_Information provided_
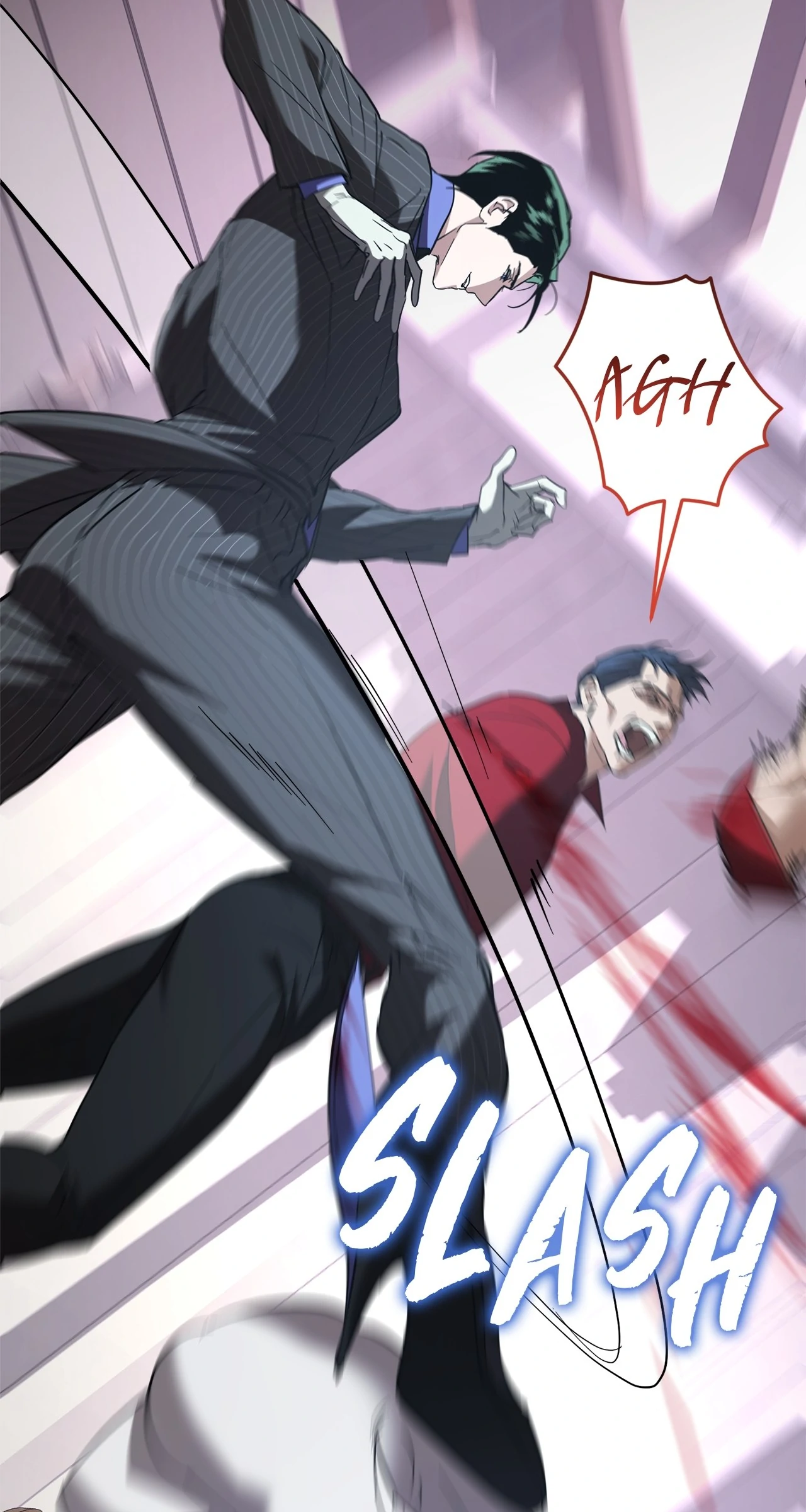 Bullet Time Chapter 20 - Page 29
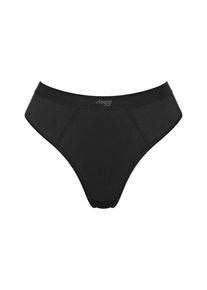 Sloggi - String - Noir 0XXL - Sloggi Ever Ease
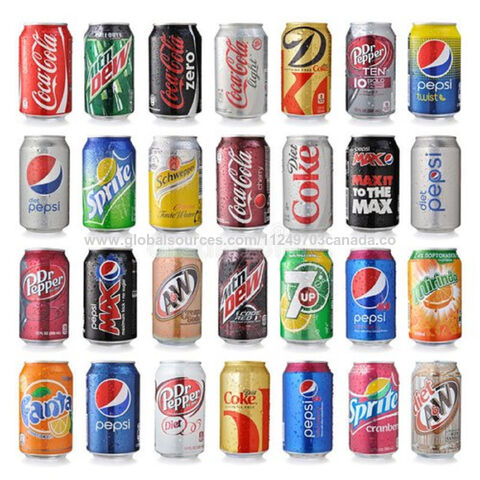 Buy Wholesale Canada Coca Cola 330ml Cans & Coca Cola at USD 2.5 ...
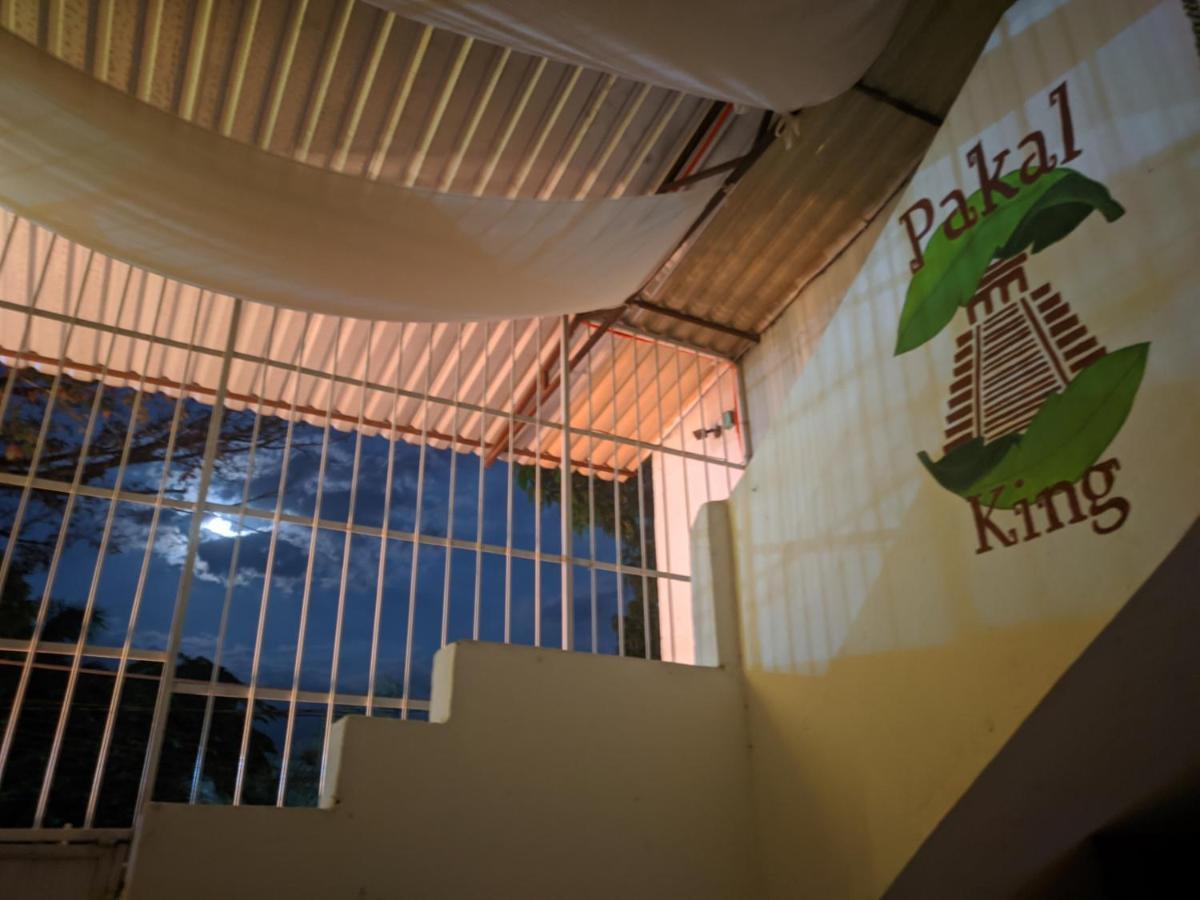 Hostal Pakal King Palenque Dış mekan fotoğraf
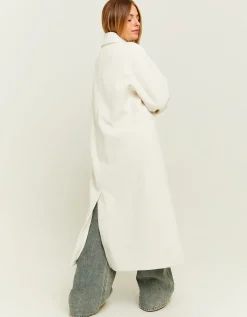 Cappotto Lungo Bianco^Tally Weijl Online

_Directions_
Transcribe the listing above verbatim. No picture belongs in the result.

_Your response_
 Bullet Time Chapter 20 - Page 29
 Sloggi - String - Noir 0XXL - Sloggi Ever Ease
 Buy Wholesale Canada Coca Cola 330ml Cans & Coca Cola at USD 2.5 ...
 Hostal Pakal King Palenque Dış mekan fotoğraf
 Cappotto Lungo Bianco^Tally Weijl Online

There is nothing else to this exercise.